> _MATERIAL PROVIDED_
BEGIN
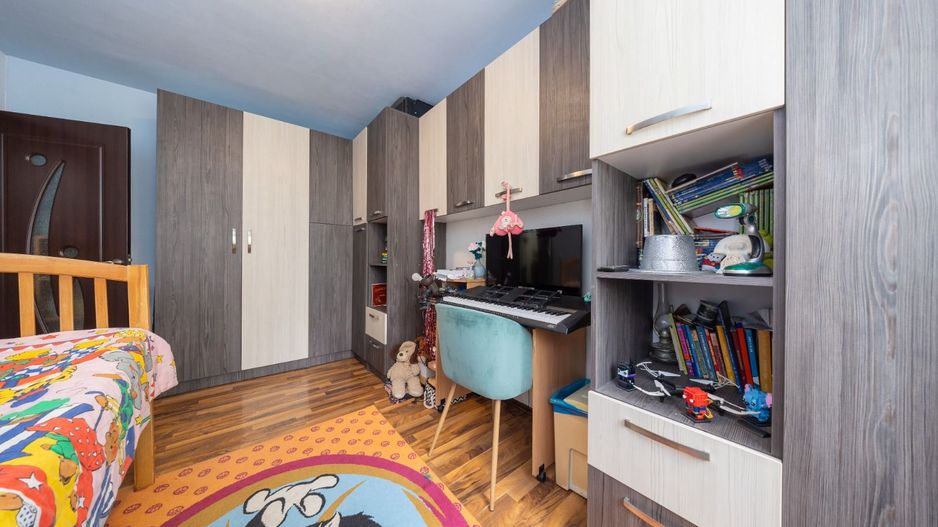 Sacele-Apartament 2 camere+2 locuri de parcare - Poză 8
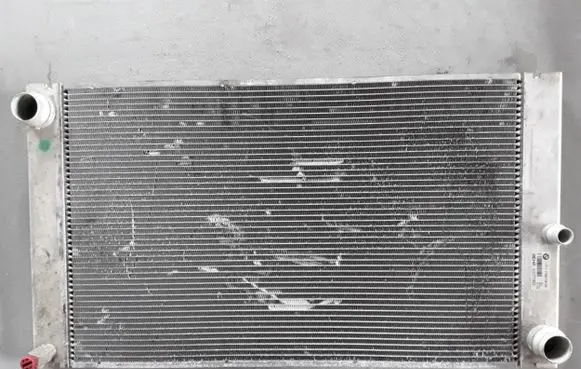 BMW 7 E65 E66 Coolant radiator 7795138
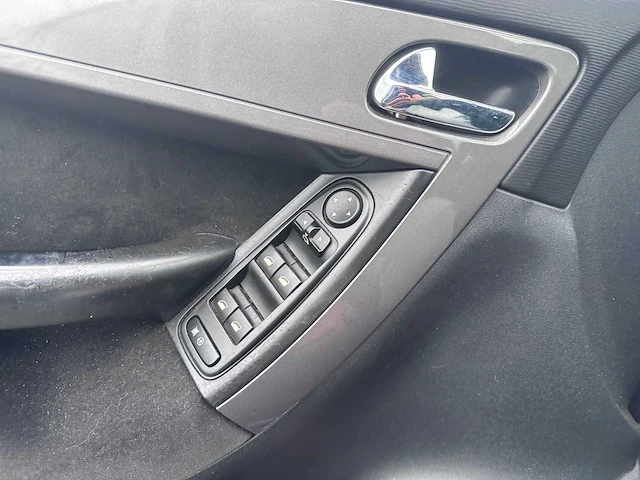2007 - citroen - grand c4 picasso - 2.0-16v automaat ambiance 7p. - 26-xk-hj - afbeelding 2 van  17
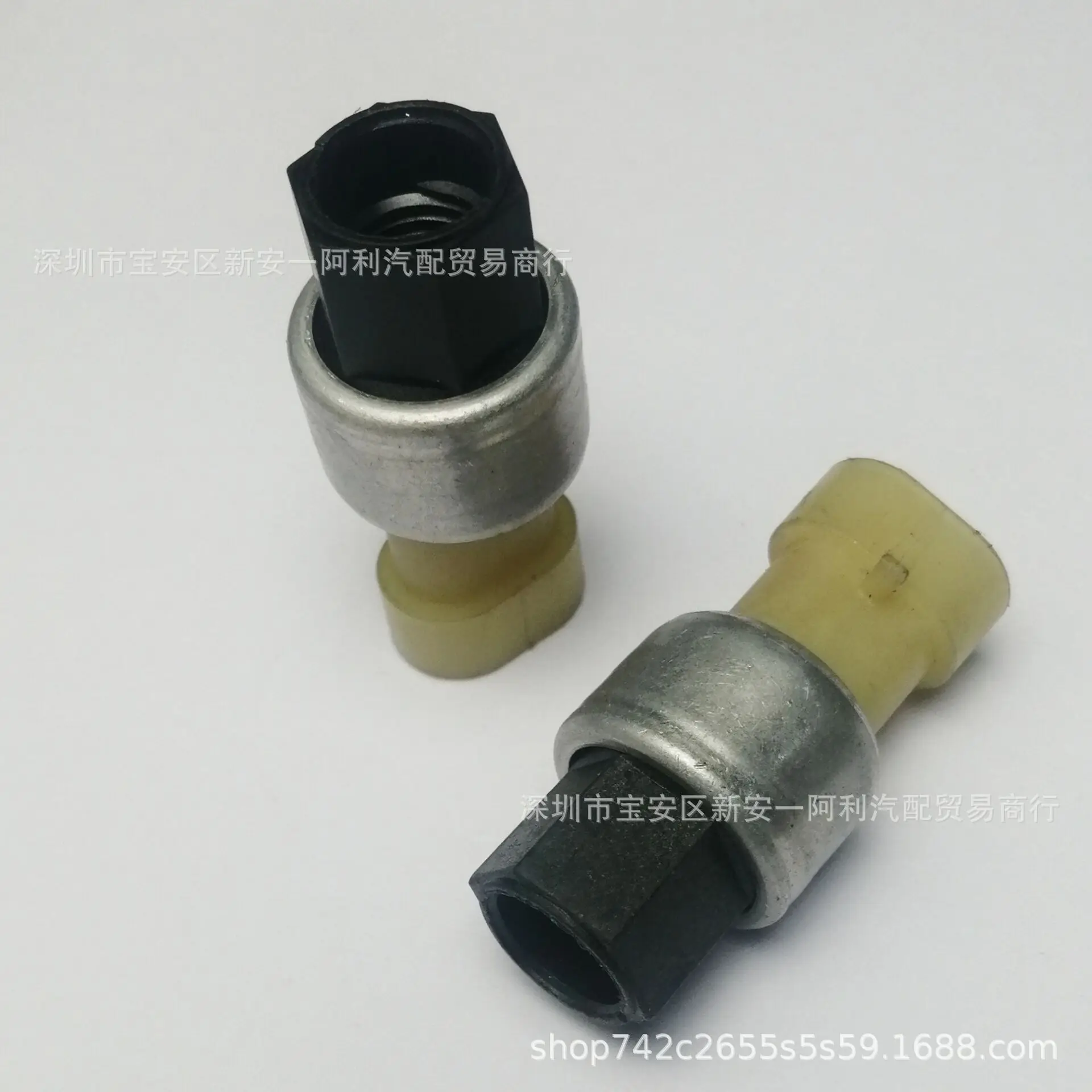 

Suitable for low voltage cut-off switch fan over-side switch sensor Peter Beer P27-6142 P276142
END
> _YOUR INSTRUCTIONS_
Write out the material exactly as it stands, omitting every picture.

> _REPLY TO THE TASK_
 Sacele-Apartament 2 camere+2 locuri de parcare - Poză 8
 BMW 7 E65 E66 Coolant radiator 7795138
2007 - citroen - grand c4 picasso - 2.0-16v automaat ambiance 7p. - 26-xk-hj - afbeelding 2 van  17

Suitable for low voltage cut-off switch fan over-side switch sensor Peter Beer P27-6142 P276142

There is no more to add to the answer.